I definitely will have a better financial situation returning to college when I'm older, especially with a hopeful military aspiration.



A day out on the town: Expenses

I wanted to document how I spend money, because I think that stuff is valuable for other's that are trying to get a picture of how this stuff works in other's lives.

I've needed some computer adapters as well as a set of desktop speakers. I ordered both off Amazon, but the package was lost and I got refunded. This was some sort of destiny moment. I unironically believe I hardcore manifest some sort of frugal money-attracting energy- and I've never read or obeyed any of those woo-woo guides that help you with the "law of attraction" or anything like that. Maybe I'm just opportunistic. Ideas about this are welcome.

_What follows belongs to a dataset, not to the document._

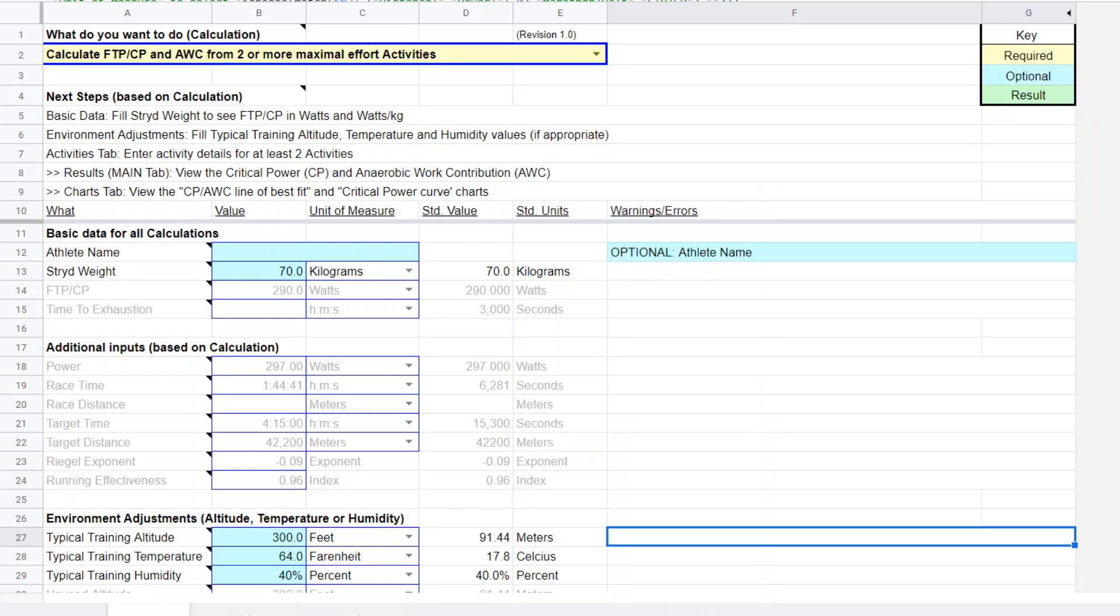Hi, this is Steve Palladino from Palladino Power Project, and I'm back with the Superpower Calculator, which is a calculator with many calculator functions built within it. I want to go over today using this Superpower Calculator to derive the estimated CP from a CP test.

I got the Robinhood spending card purely because it offers 6% back at Dell as well as rounding up your charges and making a random bonus on the round-up. It doesn't have any annual fees, minimum balance etc.
They offered the exact same adapters and speakers for a lower price, and one on sale!
So I ordered them, but the order was dropped! Turns out I started loading the card with money, but the deposit hadn't gone through yet! So I had to wait 24hrs for them to try to process payment again.

In this time, I walked all over downtown today to the little stores. In a thrift store, I found a set of speakers just like I wanted. The price? 2 dollars! So I canceled the Dell order for one!

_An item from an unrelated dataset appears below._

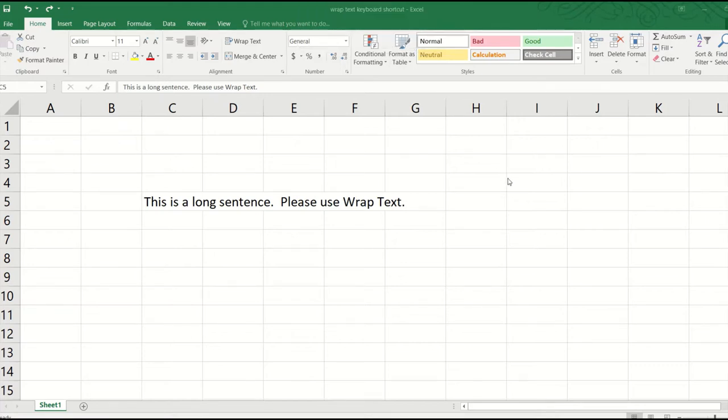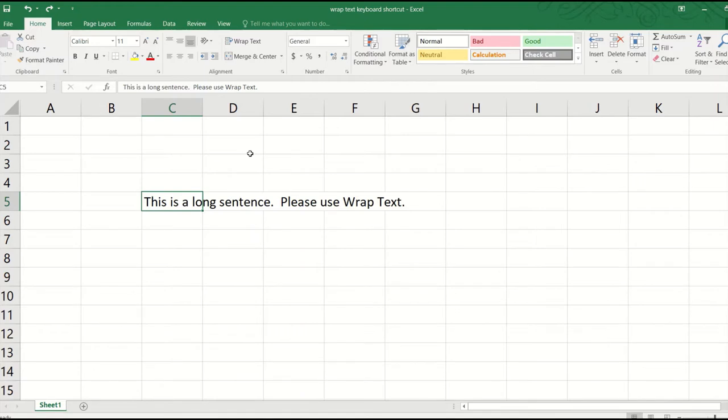Hello and in this video, we are going to learn how to wrap text quickly with this keyboard shortcut trick. Wrap text is something we use on a regular basis and we all know which button to click on.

Isn't that just something? I went from paying about 40 bucks for these items, to probably 20 (still need to order a wifi adapter.) Of course, if the speakers go kaput tomorrow, it'll be a waste of my money, but even if they only last half as long, that's still a much better value than the 20 dollar speakers.

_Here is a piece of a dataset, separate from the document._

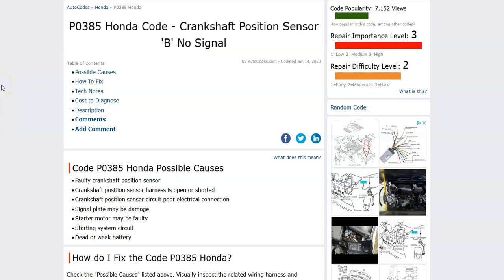Hello all. So today I'm talking about a Honda with the P0385 code, what it is and how you go about fixing it.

In my excursion downtown, I really had a blast.
I went to....
A coffeeshop. I bought a drink and a pastry. (9)
Three art galleries. I didn't buy nothin' lol.
A hobby shop. I bought a gift for my mom and a trinket for myself. (56)
A bakery. I bought mini cupcakes for my family and they had a BOGO on canned kombucha. (12)
Two thrift stores. I bought 16 fat quarters, the speakers, a humidifier, 3 sets of knitting needles, a ball of yarn, brass shower hooks, and a comic for 27 dollars. The fabric was the most by far- everything besides the fabric was only 7 dollars, the fabric was 20. (27)
A specialty food store. I bought smoked bourbon salt and traditional made-in-wooden-barrel aged soy sauce. (25)
A small grocery store. I bought some fancy small chocolate. (5)
I also went and donated plasma- I made 100 dollars.

Total: 134 (net -34 including 100 earned)

If I didn't buy the present for my mom, I would have gained money today. But unfortunately, it looks like the flower arrangement I had ordered in a MONTH'S ADVANCE to arrive for Mother's Day has been delayed, and this was my only good chance to buy something in secret for her.

I really spent the whole day out on the town. It was just my speed, like a vacation. I think my spending was actually above average. I could honestly afford to spend like this weekly or even bi-weekly, but it would obliterate my saving goals. I just haven't gone out on the town for a few weeks. If I just went to, say the three galleries, a thrift store, and the coffeeshop, I might only spend 20 bucks. If I brought my camera or drawing supplies and spent time with that, it'd be a full day again. As a rough estimate, I can "go out on the town" for just 15 bucks and not feel pressed for money... comfortably enough for a frou-frou drink and a pastry or a sandwich from a shop someplace... spend the rest of the time window-shopping, gallery-gazing, in the library, taking photos, or working on art en plein air. I mean, if I bring my own food, it's basically free, but I do like to buy food and fancy drinks and candy from local shops sometimes.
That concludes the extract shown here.